Q6_K vs. Q5_K_L
Is there much of a difference in terms of perplexity?
Trying to decide between Macbook Pro M4 Max 128GB and the 64GB variation. I would only have to sell one kidney if I were able to run the Q5_K_L on the 64GB version. Unsure if the Q6_K and 57GB file size would slow the 64GB machine to a crawl.
Q5_K_L should be more than enough for any use case, but I can run some PPL numbers for you on this specific model if you'd like.
Wikitext or would you rather a specific dataset?
Heya, apologies for the late reply.
If I were to run the Q4_K_L quant instead (40GB file size and uses Q8_0 for embed and output weights)...how much of a difference would there be between that and the Q5_K_L? I'm now considering getting the M4 Macbook Pro with 48GB.
However, if I do, the Q5_K_L is 50GB in file size and won't work. Whereas it should fit if I were to get the Macbook Pro M4 Max 64GB (which is a lot more expensive).
I use this for writing purposes (work) and need the model to be intelligent.

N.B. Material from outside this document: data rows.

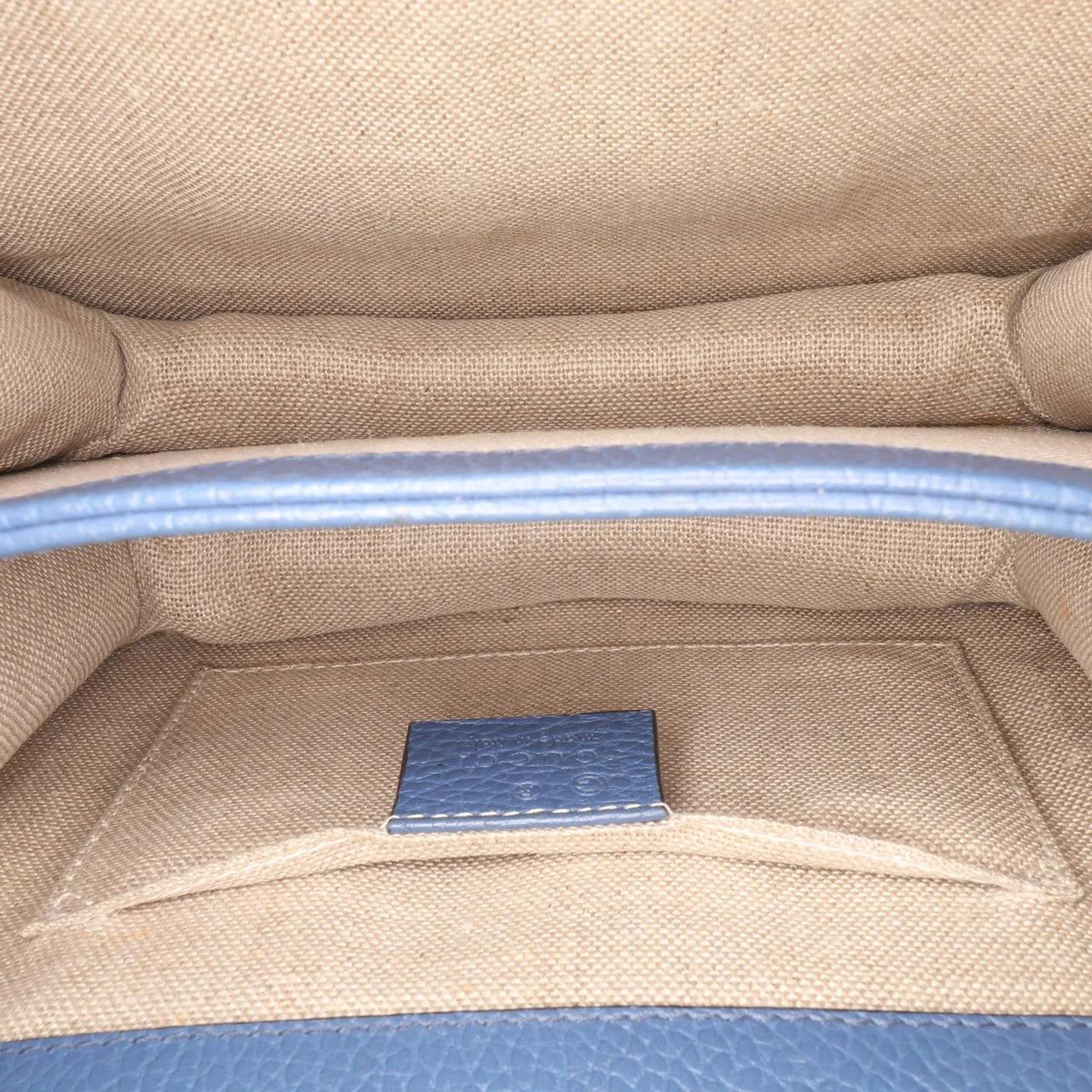 Thumbnail - Gucci Hobo Bags - Small Dollar Calfskin Interlocking G Crossbody - Gr. unisize - in Blau - für Damen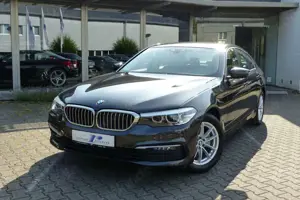 BMW 520 d  Aut. AHK Navi Tempo SHZ PDC Bild 2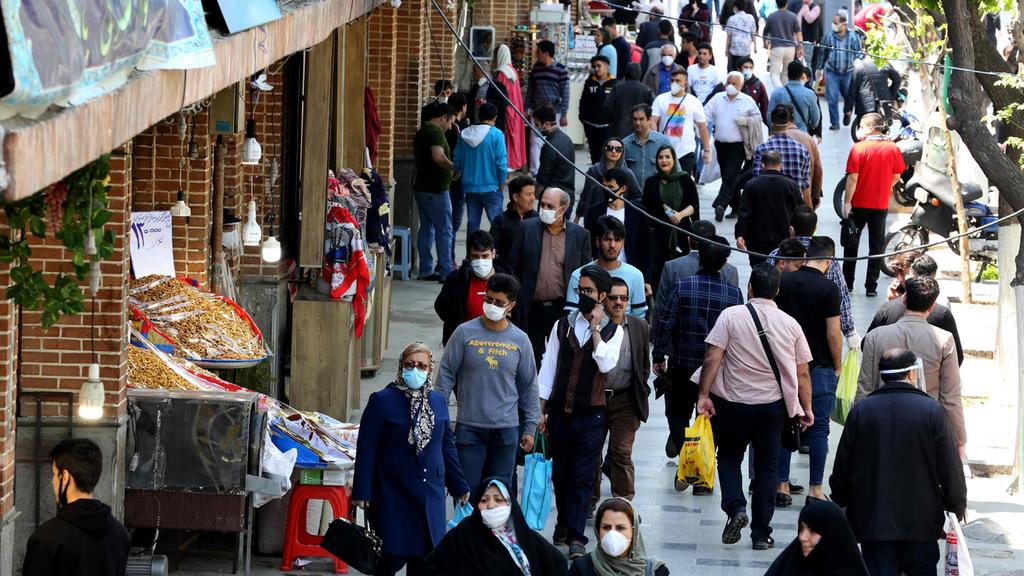 איראן טהרן רחובות עמוסים פתיחת חנויות נגיף קורונה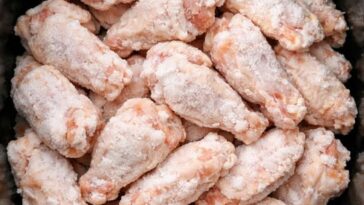 1970s Party Wings 4-Ingredient In Slow Cooker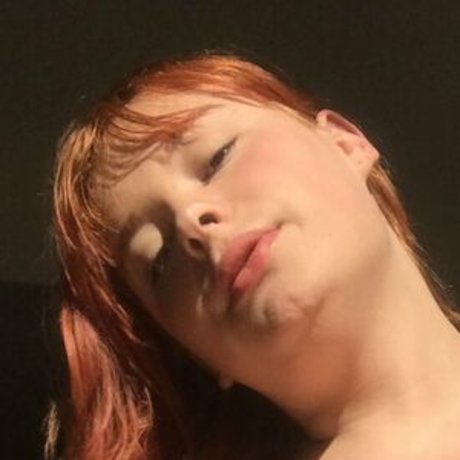 Ofelelia Scheider hot model gallery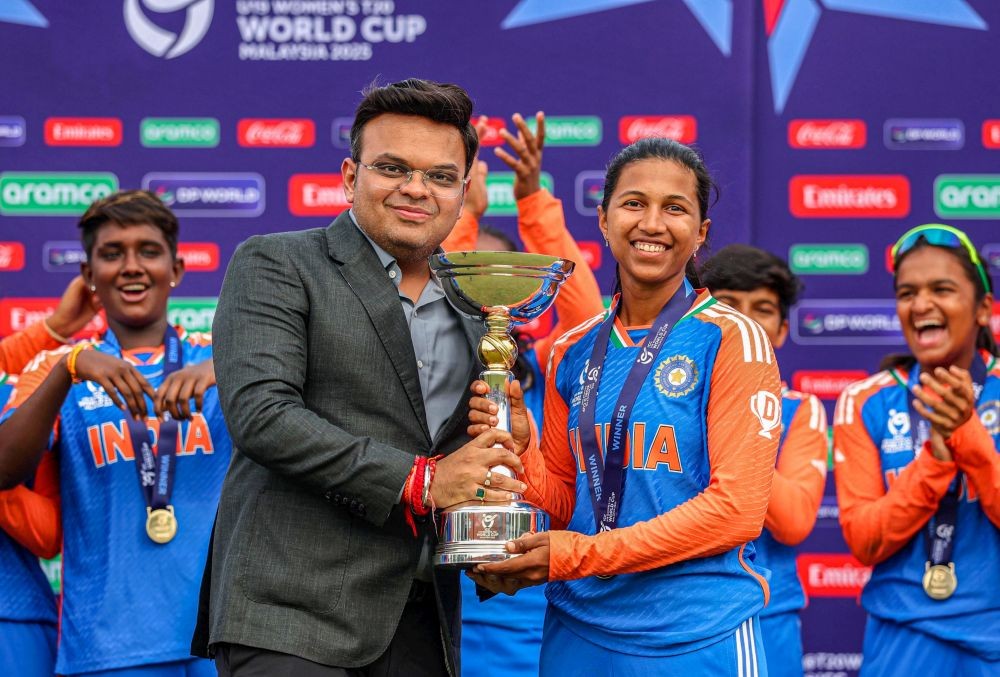 Klang: ICC Chairman Jay Shah presents the trophy to India captain Niki Prasad during the presentation ceremony after India defeated South Africa in the ICC Women's U19 T20 World Cup 2025 final at the Bayuemas Oval in Klang on Sunday, February 2, 2025. (Photo: IANS/@ICC)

To answer your question...I have no idea what dataset to request. I suppose whichever one is best for professional writing (website content/blog posts/etc).
Thanks!
Hi I have the same question as I'm trying to use GGUF to do some model evaluation. I want to load the model into vllm and I'm wondering whether evaluation done on Llama-3.1-Nemotron-70B-Instruct-HF-Q5_K_S.gguf can be an accurate enough reflection of model ability? Thank you!